The Persistence of Yiddish
by Jeremy Dauber

Few languages resonate as powerfully as Yiddish in the minds of those who do not speak them. Whether representing an obscure link to lost family history, a sacred symbol of a murdered people, or simply a repository of funny words, the language itself means something, regardless of its words' content: When an abandoned Jewish demon in an Isaac Bashevis Singer story derives his meager sustenance from the printed alphabet in a Yiddish storybook, saying that "the letters are Jewish," we know exactly what he means. Yiddish redt zikh, Yiddish speaks itself, the old saying goes. In a time when few are qualified to understand what precisely it's saying, Aaron Lansky and Dovid Katz are here to help.

It is almost certain that the National Yiddish Book Center, founded by Mr. Lansky, is one of the few cultural institutions ever devised that has actually and definitively completed the mission it set for itself. At the end of the 1970s, Mr. Lansky, at that time a graduate student in Yiddish at McGill University, decided to take a leave of absence to "save the world's Yiddish books before it was too late." He thought there were about 75,000 books and that the project would take two years.

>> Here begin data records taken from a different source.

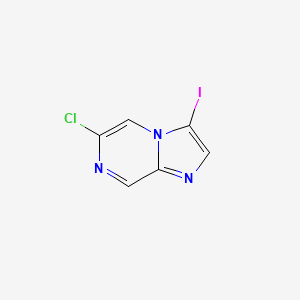 molecular formula C6H3ClIN3 B578016 6-氯-3-碘咪唑并[1,2-A]吡嗪 CAS No. 1245645-10-6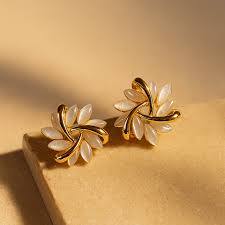 Leaf Shaped Opal Earrings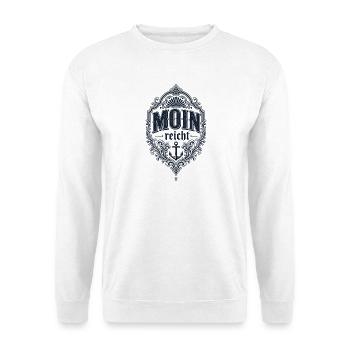 Moin reicht – norddeutscher Gruß - Unisex Pullover - Weiß - Vorne - Alina (178cm) & Michal (187cm)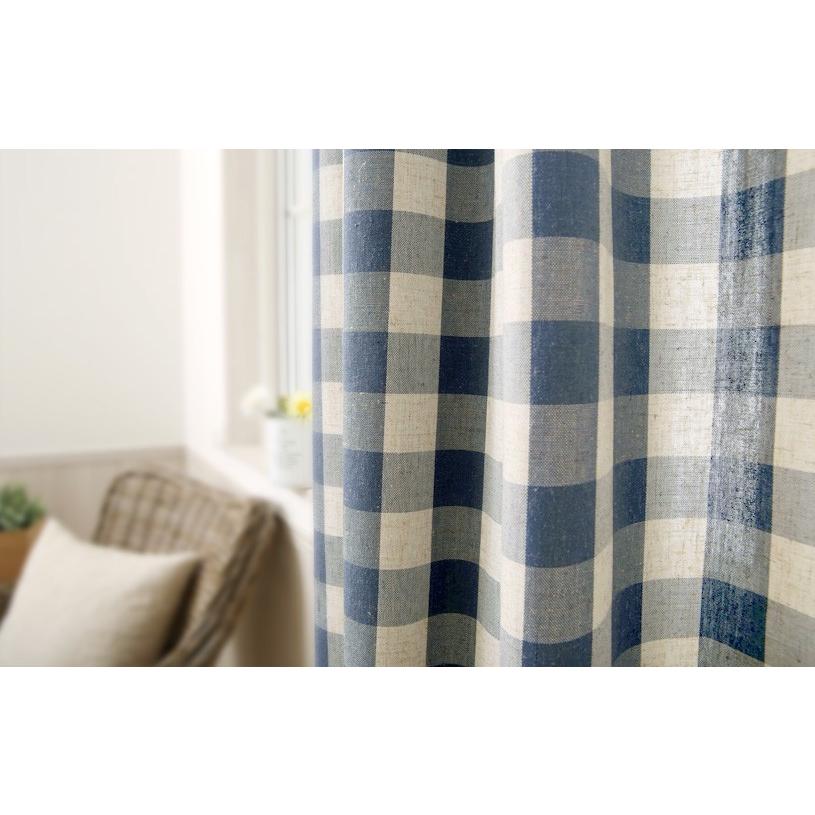カーテン 送料無料 茶色 ギンガムチェック フルリー ベージュ ブラウン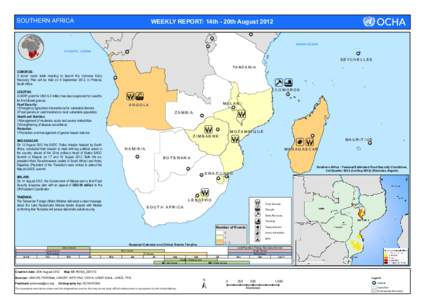 SOUTHERN AFRICA  WEEKLY REPORT: 14th - 20th August 2012 INDIAN OCEAN  ATLANTIC OCEAN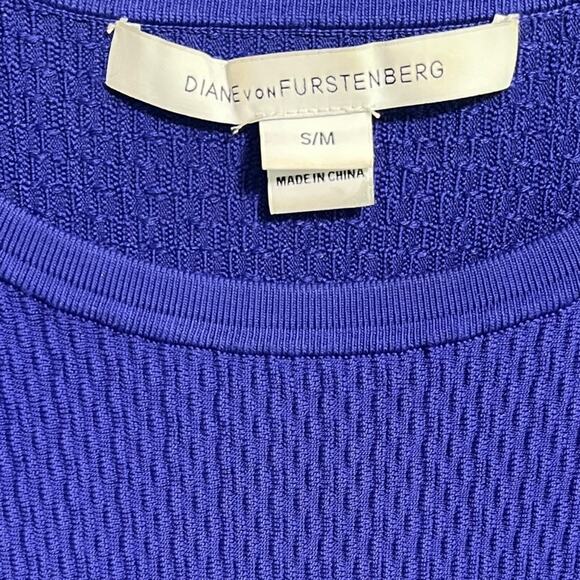 Diane Von Furstenberg Bandage Bodycon Dress S/M Blue Knit Long Sleeve Cocktail - Picture 3 of 9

"Outwitting History: The Amazing Adventures of a Man Who Rescued a Million Yiddish Books" (Algonquin Books of Chapel Hill, 316 pages, $24.95) is written a quarter of a century and 1.5 million books later. (Slightly more than a decade ago, I was an intern at the National Yiddish Book Center and shelved a few of those 1.5 million books myself, and I have remained involved with the Center ever since.) We read tales of ruined books abandoned by grandchildren who care little and understand less and institutions whose supporters have passed on. One of Mr. Lansky's quietest successes is to portray the tragedy of the physical destruction of a book. But ultimately this is a tale of triumph over tragedy: The Center has not only saved myriads of actual books, but has digitized almost every work published in Yiddish between hard covers.

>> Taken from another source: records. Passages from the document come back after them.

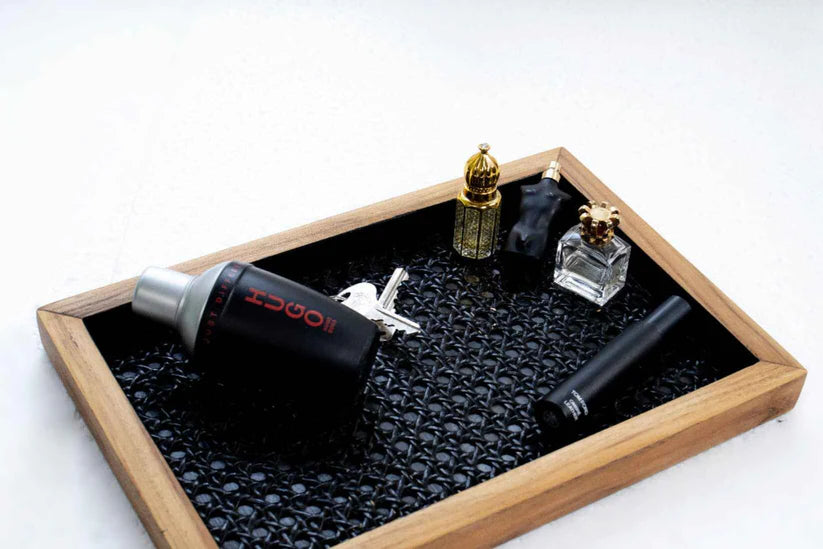 Black Rattan & Teak Tray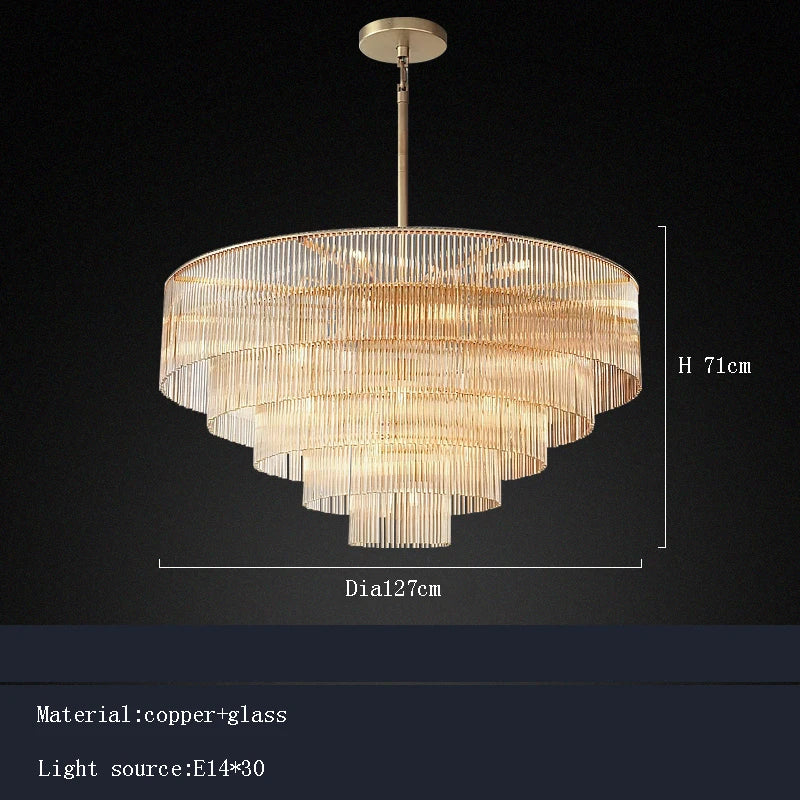Afralia™ Scandinavian Glass Shade Brass Chandelier – Dining Room Art Deco Ceiling Light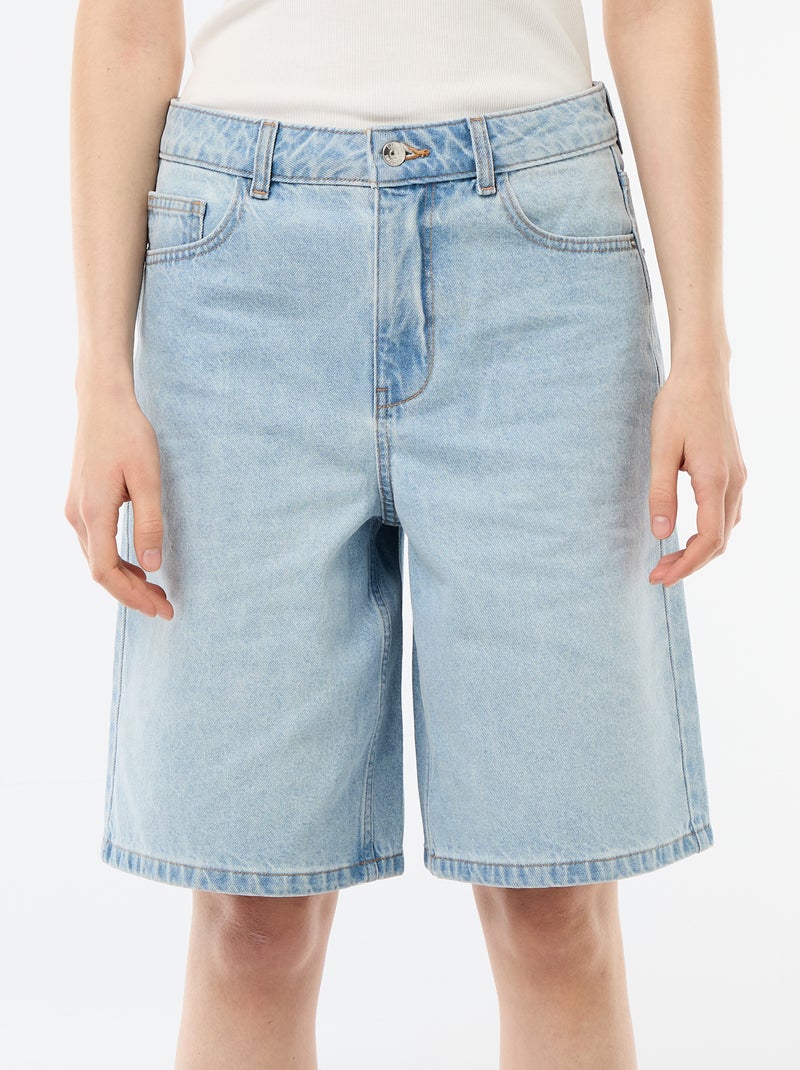 Bermuda jeans met hoge taille Blauw - Kiabi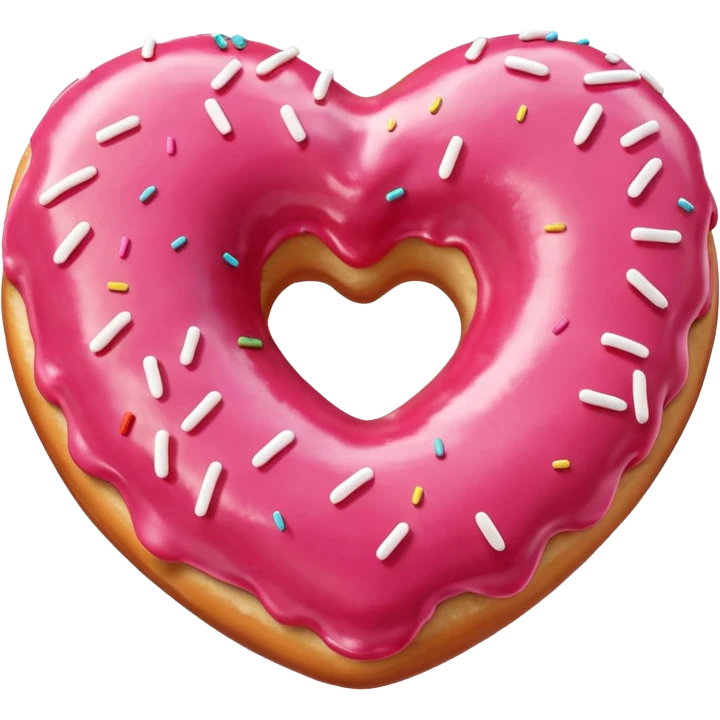 Realistic isolated heart shaped donut with red frosting. emoji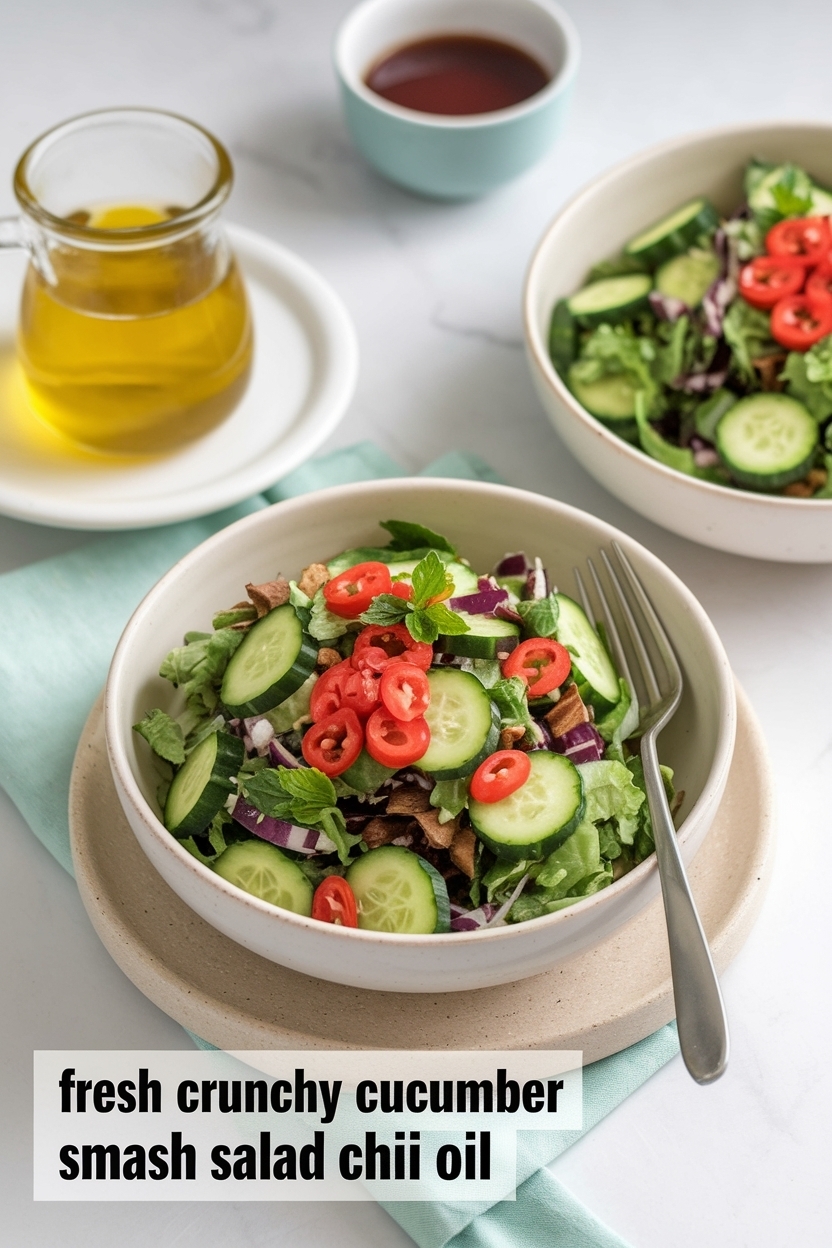crunchy cucumber smash salad chili oil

Mr. Lansky tells his story and that of the Book Center with remarkable brio and cheer. It is an almost archetypically American story, of a bright young man with a good idea who's told it can't be done - then goes ahead and does it. He is a nice Jewish boy, as well, making countless entertainingly rendered visits to (and consuming uncountable calories at the tables of) nice Jewish grandparents who want to make sure their stories are heard as
their books are collected.

Mr. Lansky's largely American perspective, though, begs the question he knows to underlie his enterprise: For whom, and for what, is he saving these books? The title of his book comes from a remark of Max Weinreich, one of the greatest scholars of Yiddish, to the effect that "Yiddish has magic, it will outwit history."

Yet Mr. Lansky treats Yiddish language and literature as increasingly belonging to history - a history that prominently features, as it must, the destruction of European Jewry in the Holocaust, communist repression of Yiddish, and the linguistic assimilation of the American Jewish community. He also seems to feel that the best he can do is to perpetuate interest in Yiddish books as a contemporary act of cultural reclamation and continuity for an audience for whom Yiddish itself will always remain exotic. Late in the book he writes, "Despite our abiding commitment to history, my colleagues and I at the Yiddish Book Center do not pine for the Old Country or for the past. We are who we are, where we are, when we are."

Dovid Katz would almost certainly also agree with Weinreich's statement, though his Yiddish outwits history in an entirely different way from Mr. Lansky's. In "Words on Fire: The Unfinished Story of Yiddish" (Basic Books, 430 pages, $26.95), Mr. Katz contends that Yiddish has yet to breathe its last. Though he calls for "a virtual network of small, serious islands of culture and creativity in the Internet age," binding together those in universities and else where who are committed to the maintenance of secular, literary Yiddish, Mr. Katz points out that the world's Chasidic communities provide a rapidly growing base of native Yiddish speakers, and he indicts the contemporary community of scholars for ignoring this phenomenon in their elegiac approach to the story of Yiddish.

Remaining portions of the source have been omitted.